Ama zirve yolculuğunda inandığı yola baş koyma, çileye talip olma söz konusu idi. Herkes kendi hayatının kahramanı olmakla beraber; tarihin, ilmin, sanatın ve gönüllerin kahramanı olmanın rüknü farklıydı. Yine de açığa çıkmamış, su yüzüne vurulmamış olsa da nice insanda o rüknü karşılayacak alt yapı mevcuttu. Fakat buna rağmen o filizlenememiş istidatlar genellikle arada kaynayıp giderdi.

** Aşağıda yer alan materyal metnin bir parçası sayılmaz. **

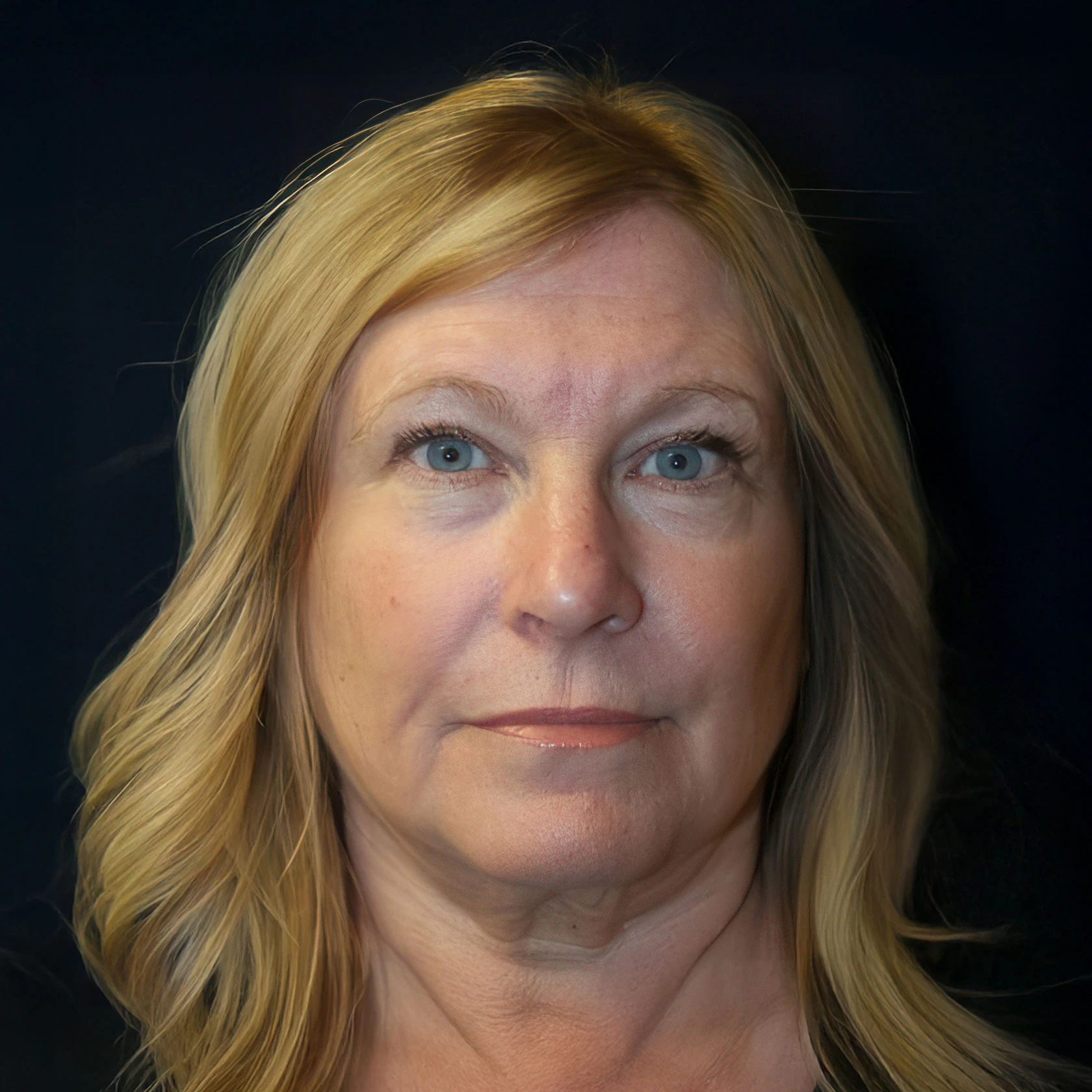 After CO2 Laser Resurfacing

Bu var oluş gerçeğini çocukların, gençlerin ve yetişkinlerin dikkatlerine sunmakta fayda vardı. Çünkü sıra dışı işlere demir atmanın olmazsa olmazları, evvelemirde büyük düşünmek, kendine inanmak, dayanmak, ciddi bir azim ve irade ortaya koymaktı.
Fakat kulak ardı edilemez temel düstur; kim ve ne olursa olsun her insanın başlı başına bir değer oluşuydu. O sebepten hiçbir candan ümit kesme, hiçbir kimseden vaz geçme lüksümüz yoktu.
Çünkü Yaradan insanı kendisine muhatap kılmıştı. İnsan, İlahi hitaba mazhar olmuştu Evren, onun varlığıyla bir anlam kazanmıştı. Dünyanın ziyneti (=süsü) insan hem aklı, hissi, ruhu ve beden gücüyle dünyaya pek çok şeyi katandı, hem de dünyaya katılandı. O, öğrendikçe cehaletini öğrenen, yaşadıkça aczini bilendi.
İnsan “eşref-i mahlûkat”tı. Yani yaratılmışların en şereflisiydi. Âlemlerin özü ve özeti olduğunu bilmek asla, ego’yu şişirmek demek değildi. Tek nüsha ve biricik olduğunu fark etmek; asla bir kibirli ve mağrur olma hâli değildi. Bilakis bu biliş; kendi şuuruna ermek, sorumluluk ve görevlerini bilmekti. Kendi imkân ve sınırlarını tanımak, kendi aczini kabullenmekti.
İnsan bir taraftan yolunun her an ölümle kesişebileceğini bile bile çetin hayat mücadelelerinin, zorlu dünya meşgalelerinin içine girerdi. Bir taraftan da aczine rağmen muktedir olma yolunda mesafeler katederdi. Onun asıl büyüklüğünü yapan sır da burada gizli olmalıydı.
Evet, bir insan, tek başına çok şeydi. Onun için bu gerçeğe uyanarak,
kendi içindeki potansiyel güçleri açığa çıkarmalıydı.
Bu itibarla “haddimizi de bilelim, kadrimizi de” sözü bir altın anahtardı.
BELKIS ALTUNİŞ GÜRSOY
Son zamanlarda okuduğum en iyi tahlillerden birisi.Ayrıca bugün aklıma bazı sualler takılmıştı onların da cevabı oldu.Elinize sağlık.
Gunumuzde haddimizi bildirenlerin, daha dogrusu kisitlayanlarin coklugu, cok defa kendimizi farketmemiz ve de Belkis hocanin hatirlattigi gibi “o adi bilinmeyen teklerden biri olmasak her türlü ilim ve sanat kazanımını nesilden nesile kim ve nasil aktararacakti”. Tek nusha ve biricik olmanin verdigi ayricalikla da her birimizin tek tek ve bir butun olarak insan oldugumuzu derinden hissettirecek her turlu sanat ve sembolik ifade yolunu kim doseyecekti. Her tekil hur birakilirsa heseyden once kendi yasaminin anlamini kavramak ister. Bu kavrama erenler ve onu degerlendirme imkani olanlar da onu bir cevher gibi degerlendirerek once kendinin en mutlu olacagi bir surece koysa da giderek yoluna cikanlarla butunlese butunlese bu yolun acilmasi ve onune cikacak manilerin kolayca asilmasini destekler. Bir insanin herseyin ustunde, bu yolu bulup orada yurumesi en buyuk mutluluk olmaz mi? Iste dunyayi daha guzel yasanabilir bir mekan yapanlar da bazen adli ve cok defa da bu adsiz teklerdir. Buna erismis ve bunu bilen gelmis gecmis adsiz tekleri yadedelm. Onlarsiz bugune gelemezdik. Ve de onlarsiz icinde bulundugumuz bu cok girdapli gunumuzun icinden de yol bulup cikamayiz. Birimiz hepimizi yapar. Degerimizi ve de gelecek kusaklari da dusunerek insanliga olan vecibelerimizi bilelim ve yerine getirelim.